Но именно любовь к ночным гулянкам послужила причиной того, что я, сам того не ведая, наверное, первым из москвичей увидел начало войны. В пятом часу утра 22 июня 1941 года, в великолепном настроении я возвращался с затянувшейся вечеринки, спускаясь вниз по улице Горького к Охотному ряду Москва была совершенно безлюдной — даже машин не видно — так, проскочит вверх-вниз одна, другая…
Я вышел на пустынную и ровную тогда Манежную площадь. И вдруг увидел, как со стороны Кутафьей башни, из-за желтевшего уже в рассветных лучах Манежа на огромной скорости, не разбирая белых разграничительных полос, вынесся большой, черный, приземистый иностранный автомобиль. Алый флажок со свастикой на белом кругу трепетал на ветру. Сколь мало ни был я «дипломатически» осведомлен в те годы, я узнал машину немецкого посольства, но, конечно, не мог даже предполагать, что это посол фашистской Германии, граф фон Шуленбург возвращался из Кремля, вручив нашему министру иностранных дел Молотову меморандум об объявлении войны Советскому Союзу.

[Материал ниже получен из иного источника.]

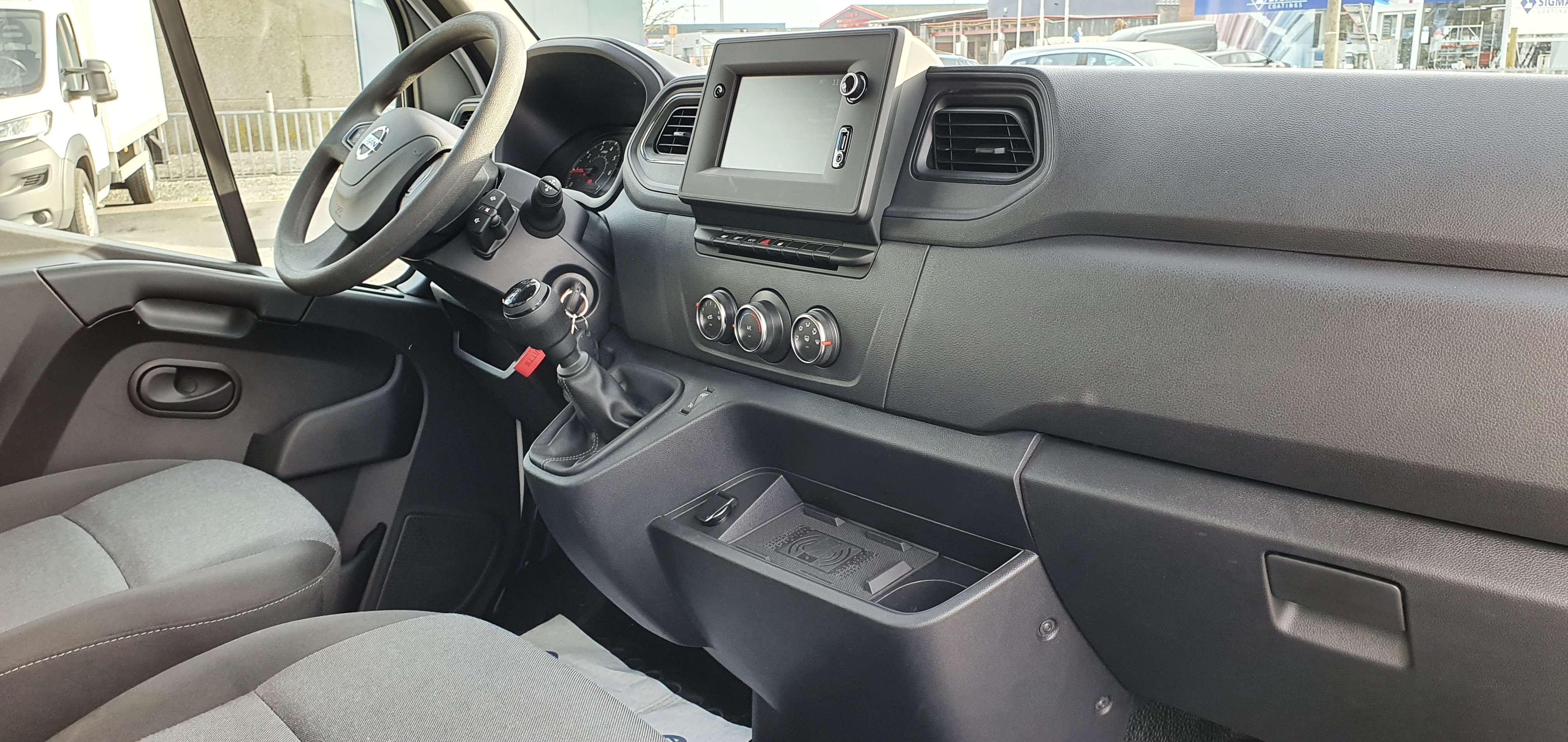 P-Benz - Nissan Onbekend NV400 meubelbak draaideuren 5231km 06/2022 airco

Ни тени тревоги не шевельнулось в моей восемнадцатилетней душе, никакого предчувствия. Бодрым шагом прошагал я домой и, поднявшись к себе на этаж, рухнул на постель, забывшись в молодом, счастливом, крепком сне.
В двенадцать часов дня меня разбудила мама и сказала, что только что Молотов выступил по радио, и Германия уже бомбит Минск и Киев.
Никогда больше, даже в самые отчаянные мгновения на фронте, мне не было так страшно. Мама стояла и в ужасе смотрела, как меня трясет мелкой дрожью. Белая рубашка ходуном ходила у меня на груди.
Потом все пошло быстро. Сразу после начала войны мы дежурили в училище, ловили зажигалки, которые разбрасывали немецкие самолеты. А через две недели юношей со всех курсов Щукинского училища собрали в райкоме партии, в бывшем особняке С. Морозова, который стоит и по сей день на Садовой, и отправили на оборонные работы под Вязьму — рыть противотанковые рвы. Вместе со мной там оказались будущие известные вахтанговские актеры — Вячеслав Дугин, Александр Граве, Анатолий Иванович Борисов. Нам сказали, что посылают на три-четыре дня, тогда как пробыли мы на Вязьменском рубеже три месяца.
Мы работали землекопами, копали противотанковые эскарпы, окопы и строили прочие земляные сооружения. Уже там, на этих работах, начали проявляться наши характеры. Были такие, которые находили способы отлынивать от работы, например, один все время был «болен» и ходил весь покрытый зеленкой.
Когда начались налеты авиации, нам было приказано при появлении самолетов рассредоточиваться, и мы все убегали в поле. Один «землекоп», помню, из поля никогда не возвращался. Он все время ждал налета и к работе не приступал.
Кто-то действительно работал. Рьяно, добросовестно. Но были и случаи «производственной предприимчивости». Один мой сокурсник, ставший в дальнейшем физиком, академиком, придумал себе роль заведующего складом лопат. Ну и так далее.
Быт, разумеется, был примитивный, походный. Жили мы в сарае, спали на сене. Одеяла, которые мы прихватили с собой, служили нам и подушкой, и простыней.